Blythe stared at the bullet in his hand. It was remarkably shiny. A glint of candlelight bounced off of it. The vampire loaded it into the pistol then set it on the smaller table by the door.
“I’ll let you figure this out,” Blythe said. “The bullet’s silver in case you’d like to take personal responsibility for what you’ve done and call it quits. If not, well, you know what to do. The board has declared that either your head or hers will be sufficient to consider your debt repaid.”
Hewett and Becker got in front of their boss and formed one gigantic hairy wall of protection. Blythe reached for a lever on the wall, yanked it down, and Joe was released.
Joe lept from the table and charged at his captors.
Blythe snapped his fingers. “Feed at will, dear,” was his last order to Lydia.

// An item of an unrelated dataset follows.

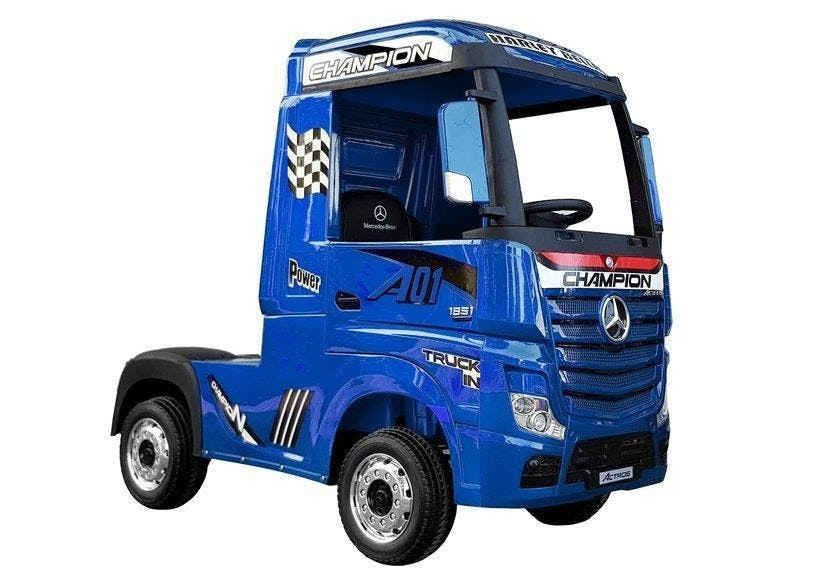 Camião elétrico infantil Mercedes Actros azul pintado MP4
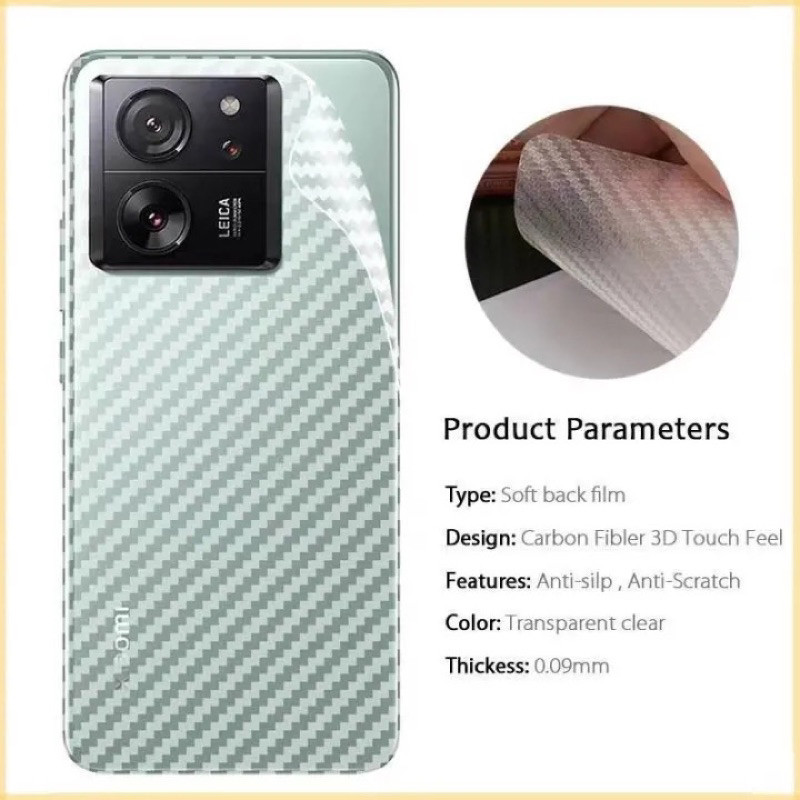 ส่งจากไทย ฟิล์มกันรอยหลัง ฟิล์มหลังเคฟล่า Xiaomi 13T / 13T Pro ตรงรุ่น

Hewett backhanded Joe to the ground and the trio escaped, locking the iron door behind them.
Joe stood up to find the undead body of the woman he loved on the floor, desperately clawing her hand underneath the table, attempting to snatch a crying Miles.
“Lydia,” Joe said.
Lydia waved her arm under the table furiously.
“Miles,” Joe said.
“Papa?”
“Stop…” Joe caught his breathe. “Stop that crying now. Mama’s just playing a game with you.”
“She is?” Miles asked.
“Yes,” Joe said.
“Silly Mama,” Miles said. The boy sniffed and the crying stopped. “What are we playing?”
Joe grabbed Lydia by the waist and pulled her away from the table but like a wild animal she kicked and growled.
“LYDIA STOP!”
It was no use. She wrestled herself out of Joe’s grip and dove to the bottom of the table again, the boy’s delicious flesh the only thing on her mind.
Joe grabbed the revolver. “Hide and seek,” Joe told Miles.
“I’m losing,” Miles said. “Mama keeps finding me.”
“I know,” Joe said as he pulled Lydia away again. She shrieked and waled, digging her nails into Joe’s sides and ripping her teeth into the arm he used to hold her with.
“You just have to try harder,” Joe said. “Close your eyes and count to ten.”
The little boy’s voice counted. “One…two…three…”
“Stick your fingers in your ears and sing a song,” Joe said.
Lydia’s teeth cut Joe’s arm all the way to the bone. He fought through it as he raised the revolver to his wife’s temple.
“Then she’ll hear me and find me!” Miles said.
“Nah,” Joe replied. “Mama’s sneaky. She’ll ask you where you are and if you can’t hear then you can’t tell her.”
“Oh,” Miles said. “Row row row your boat…”
Joe kissed his wife on the cheek. She snapped her teeth at his face.
“I love you,” Joe said. “I’m sorry. I’m so sorry.”
Joe pulled the trigger. The shot tore through Lydia’s brain and her undead body went limp. Gently, Joe laid her down on the table he’d been held on. He wolfed out, punched the iron door off its hinges, then morphed back into human form.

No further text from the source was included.